Although Drinking Alcohol Has Been Linked To 11 Different Types Of Cancer, Coffee Appears To Offer Some Protection

Although Drinking Alcohol Has Been Linked To 11 Different Types Of Cancer, Coffee Appears To Offer Some Protection

According to new research, drinking alcohol increases a person’s risk of nearly a dozen different types of cancer. However, drinking a different sort of beverage may protect you from some of them.

Researchers from Imperial College London discovered that drinking alcohol is a major risk factor for various cancers, including breast, CRC [colorectal cancer], esophageal, head and neck, and liver cancer, in a study published in Nature Communications.

Drinking Alcohol Has Been Linked To 11 Different Types Of Cancer, Coffee Appears To Offer Some Protection

The study did find, however, that drinking at least one cup of regular or decaffeinated coffee each day could work very well and protects against liver cancer and skin basal cell carcinoma. This study was participated by various users out of which some consume alcohol while some others prefer coffee and some go for both. The research has come with this interesting fact that coffee can help one improve the overall medical condition which may be damaged by the use of liquor.

Furthermore, eating dairy and multigrain foods may reduce the incidence of colorectal cancer, according to studies.
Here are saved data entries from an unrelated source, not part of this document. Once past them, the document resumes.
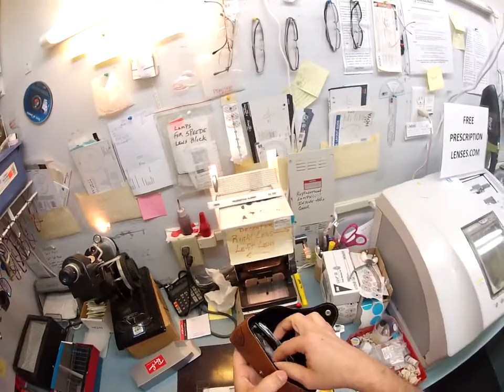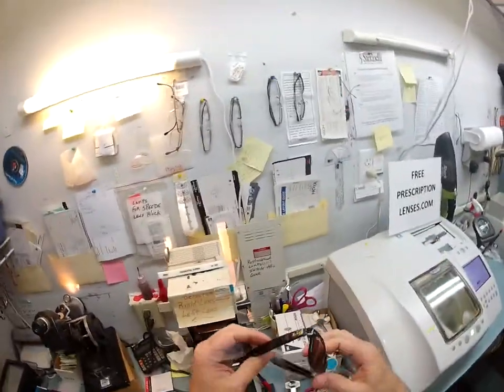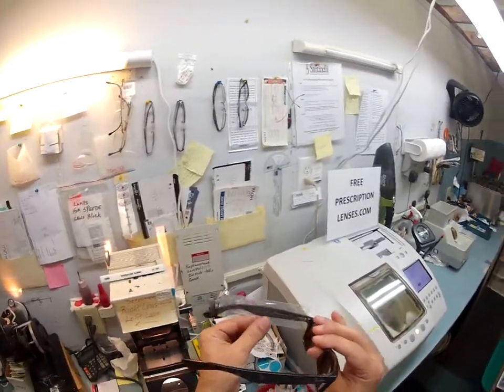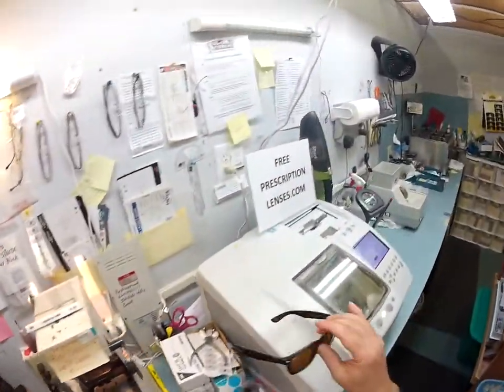I've taken out of the box your Ray-Ban case, your Ray-Ban cleaning cloth, your Ray-Ban frame with the little protective sleeve on one temple. If Ray-Ban thinks it's a good idea to send one temple sleeve, I'm gonna add a second one to the other side when I ship to you — that's the only difference.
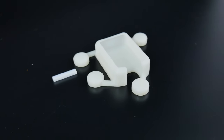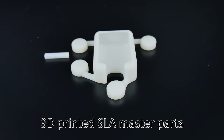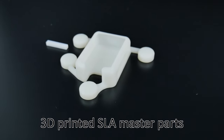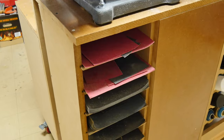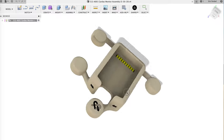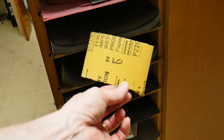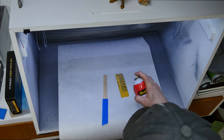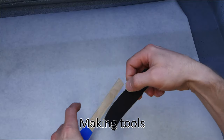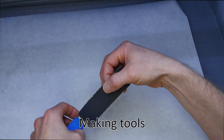This project started when my client On and On saw one of my videos and reached out asking if I could help them with some flexible overmolded medical parts. The project started with some 3D data and progressed to an SLA master. The process we're following in this video is: mastering that SLA part, making silicone molds, and then casting the overmolded parts.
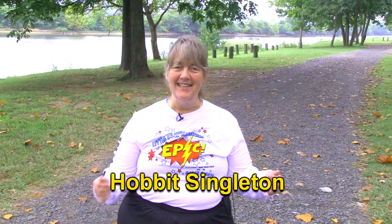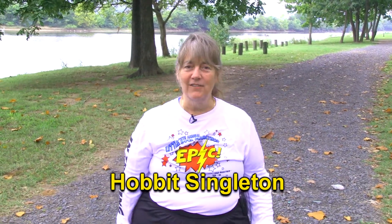Hi, I'm Hobbit, and today, because Kevin has asked a very good question, we're going to talk about overuse injuries.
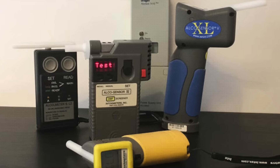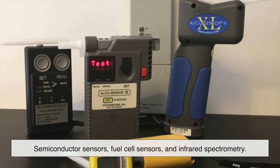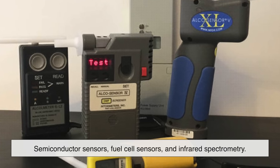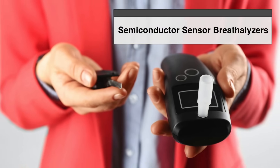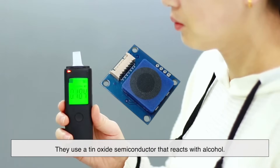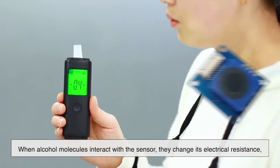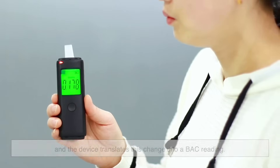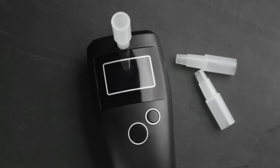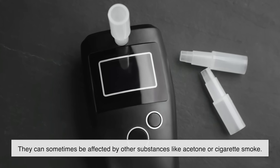There are three main types of breathalyzers, each using different technology to measure alcohol levels: semiconductor sensors, fuel cell sensors, and infrared spectrometry. Semiconductor sensor breathalyzers are the cheapest and most common, often found in personal breath testers. They use a tin oxide semiconductor that reacts with alcohol — when alcohol molecules interact with the sensor, they change its electrical resistance, and the device translates this change into a BAC reading. However, they can be affected by other substances like acetone or cigarette smoke.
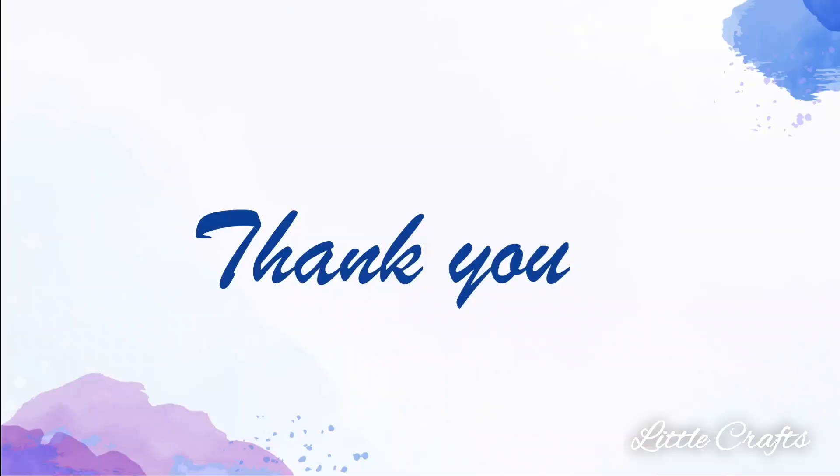Hope you all would have enjoyed and learnt. Please subscribe to my channel, share my video, and address your comments in the comment section. Thank you.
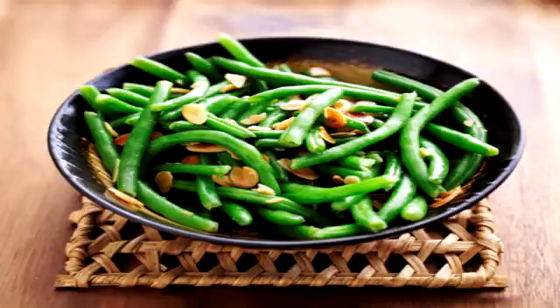Add sesame oil to frying pan and sauté almonds until golden brown. Then add beans and Bragg's seasoning or soy sauce. Sauté 2-3 minutes and serve.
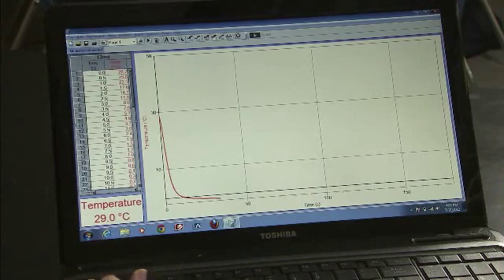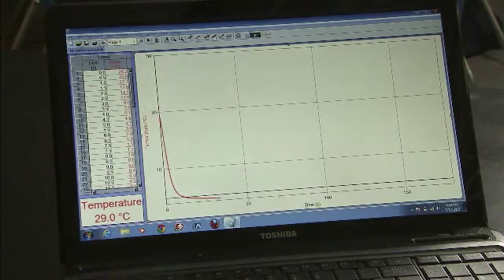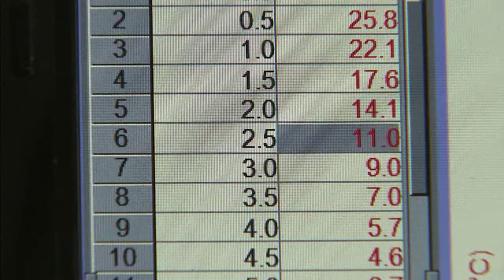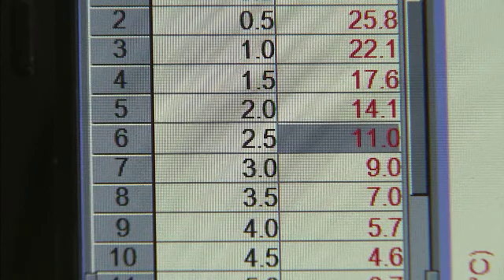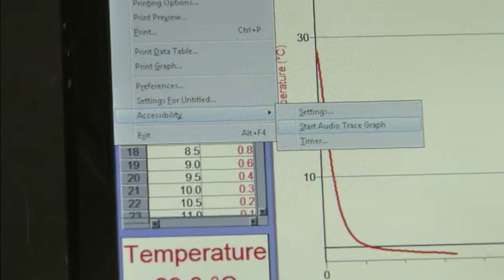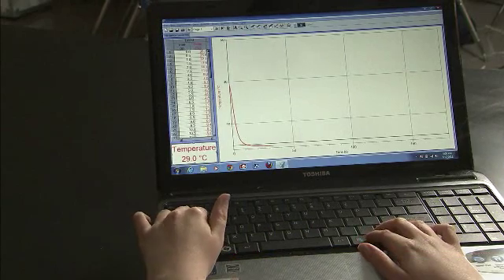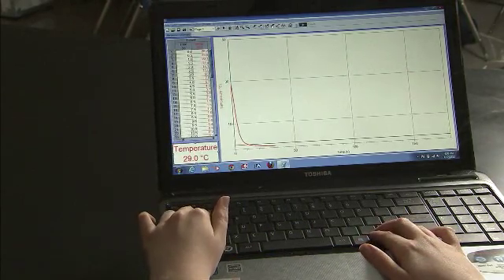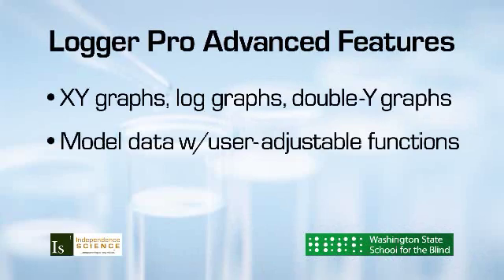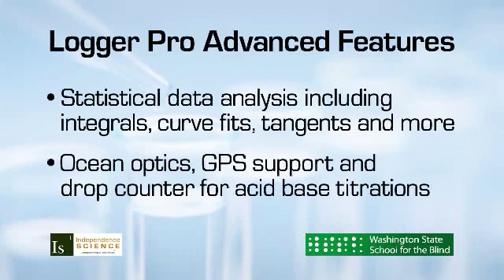By using Control Tab, Aaliyah can navigate between the data table and graph panels on Logger Pro. Using the arrow keys, Aaliyah can review the data in the data panel. One of the accessibility features in Logger Pro is the ability to gain a qualitative understanding of the graph using the audio trace graph function, which can be found under the file menu in the accessibility options. The length of the audio trace can be customized based on the experimental parameters. Logger Pro also has many advanced statistical analysis features that are appropriate for more complex experiments.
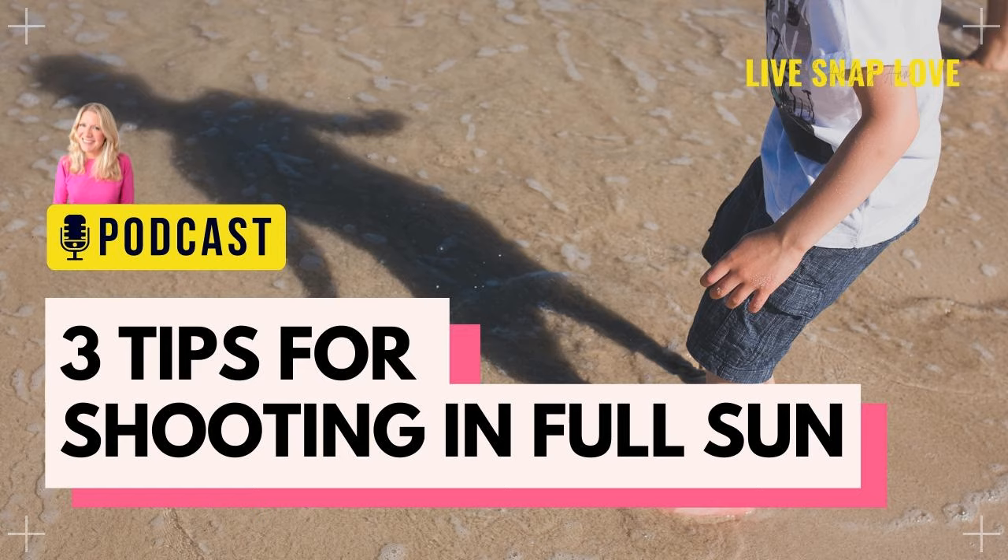So there you have it — three different ways of dealing with shooting in full sun. If you're interested in learning more about working with natural light, I have two resources for you. The first is that free Mastering Natural Light Starter Guide mentioned earlier. But if you really want to get to grips with photographing in all kinds of light — sunny days, overcast days, low light, back light, front light, side light, rim light, indoors and outdoors, additive and subtractive light — then check out my Mastering Natural Light course at livesnaplove.com/light. I'll leave links to the free guide, the course, and relevant articles in the show notes.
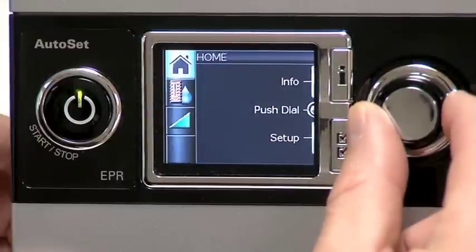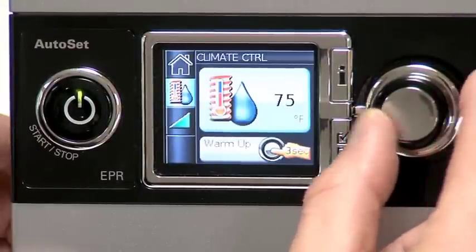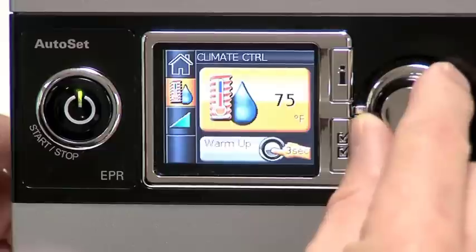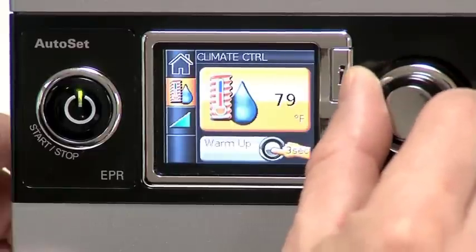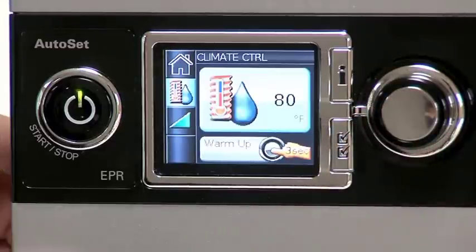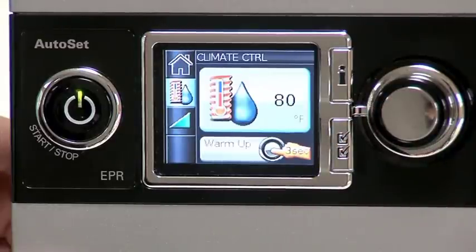If your medical equipment provider has given you a climate line tube, adjust your climate control settings in a similar fashion. Start with your home screen and adjust until you see climate control settings. Then choose your setting anywhere between 60 and 85 degrees Fahrenheit. It's recommended that you start with a setting of 80 degrees and adjust up or down based upon your comfort level.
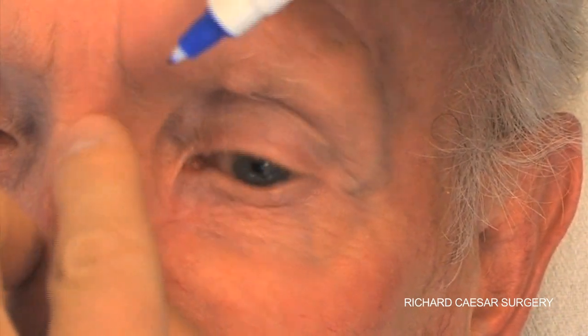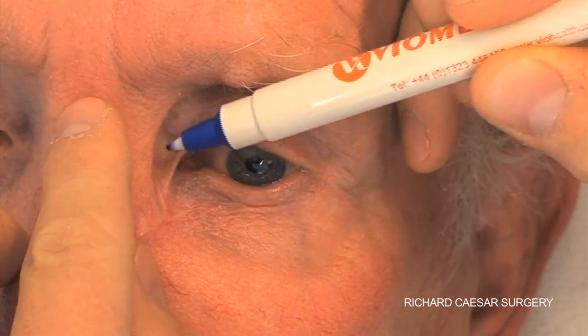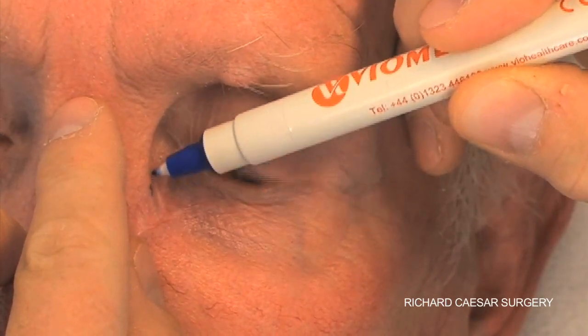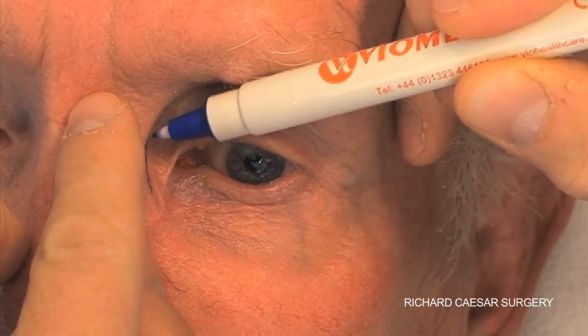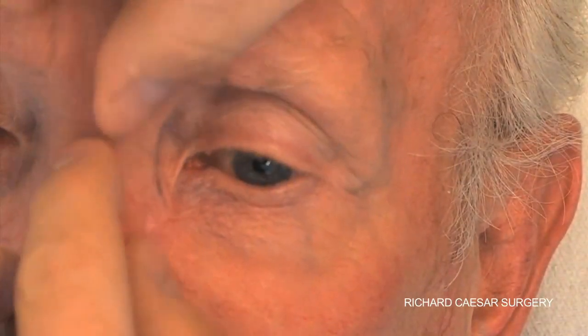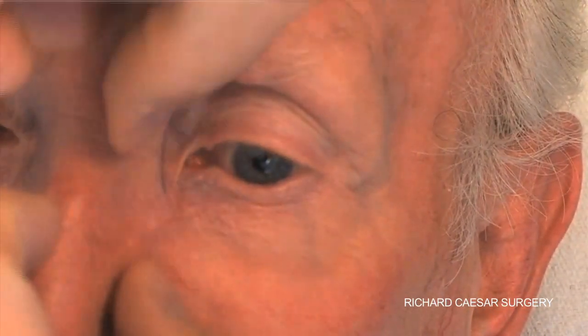The first stage in a Z-plasty is to mark exactly where you wish to place your incisions. This gentleman has a band secondary to a laissez-faire technique for a BCC on the medial aspect of his lower lid.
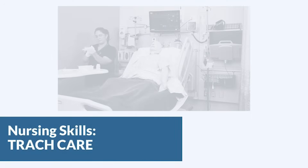In this video we're going to look at trach care. Remember, you should always suction the patient before trach care, so if you haven't watched that skill video yet, make sure that you watch it.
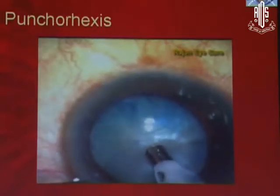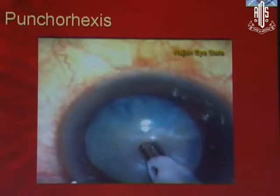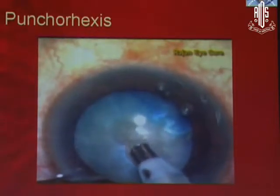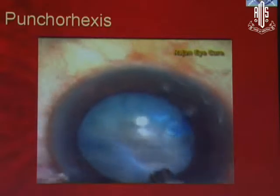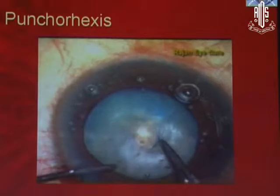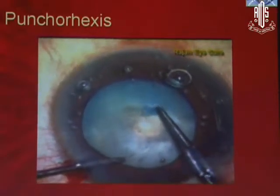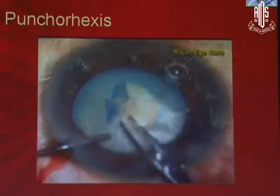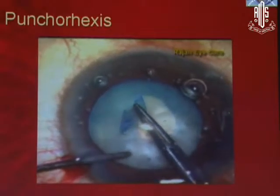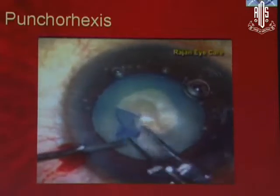You can see one more video where I am using a bevel down fifteen degree tip and if you see very carefully how I am punching it using a burst of phaco with high vacuum. Then once you punch it, sit back and use any viscoelastic — like HPMC — and then you can convert this punched rexis into a regular rexis by using a Utrata forceps or whatever you are comfortable with, using a cystitome, whichever size you want.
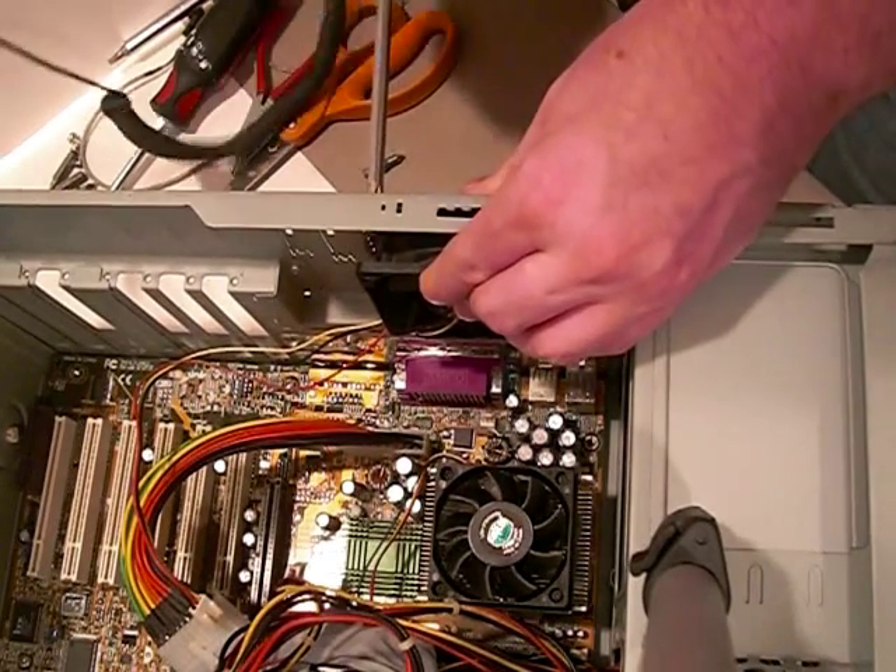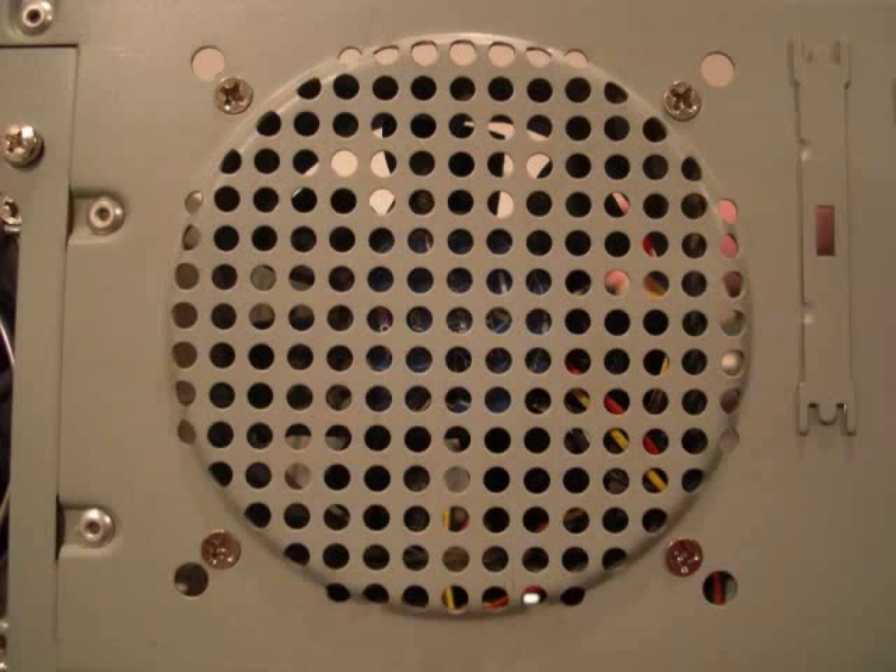Here I'm screwing the case fan into the back of the computer. A case fan could either be a fan that requires no screws and snaps into the case, or a fan that has four screws that hold it in place as shown in this picture.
To investigate the link between cancer and other nutrients, the researchers went through data from 860 reviews of published studies. This research again proves the utility of milk, coffee, and other dairy products for the betterment of human health in the general context. Those who can switch can save their body.

Although Drinking Alcohol Has Been Linked To 11 Different Types Of Cancer, Coffee Appears To Offer Some Protection

According to Mexico’s National Survey on Drug, Tobacco, and Alcohol Use, over four out of ten adults have drunk alcohol in the previous month, and nearly two out of ten have consumed alcohol in an excessive manner. Furthermore, problematic alcohol use is one of the five major risk factors for non-communicable diseases, which account for the vast majority of fatalities worldwide each year.

The expert spoke during the opening of the ninth Alcoholics Anonymous Convention, which was held in Tuxtla Gutiérrez and attended by community members from many states and nations.

“The discovery of this new study should be obedient to a public health warning: harmful alcohol intake must be diminished or avoided, and alcohol-control measures must be accepted in each country to preserve public health. There are rules in some nations, but the alcohol business does not follow them,” the Champagne expert emphasized.

According to the researchers, “we discovered extremely suggestive evidence that coffee consumption was inversely linked with the risk of liver and skin basal cell carcinoma.” “Coffee’s health benefits could be attributed to the antioxidant and anti-inflammatory qualities of its phytochemical constituents, which may protect against diseases caused by inflammation, such as cancer.”

“The assessment confirms the evidence we have for alcohol and coffee in relation to cancer and cancer subtypes,” according to GiotaMitrou, director of research and innovation at the World Cancer Research Fund, which funded the study.

According to the researchers, drinking at least one cup of regular or decaffeinated coffee may protect against liver cancer, while eating dairy and multigrain meals may reduce the risk of colorectal cancer.

According to The Guardian, GiotaMitrou, the director of research and innovation at the World Cancer Research Fund (WCRF), said, “This umbrella review validates the data we have for alcohol and coffee in relation to cancer.”

“More research is needed to better understand the processes underlying the links between coffee and cancer, as well as the links between alcohol and different cancer subtypes,” Mitrou, whose organization financed the study, noted. He did add, though, that more research is required. “More research is needed to better understand the processes underlying the linkages between coffee and cancer, as well as the links between alcohol and many other cancer subtypes,” Mitrou added.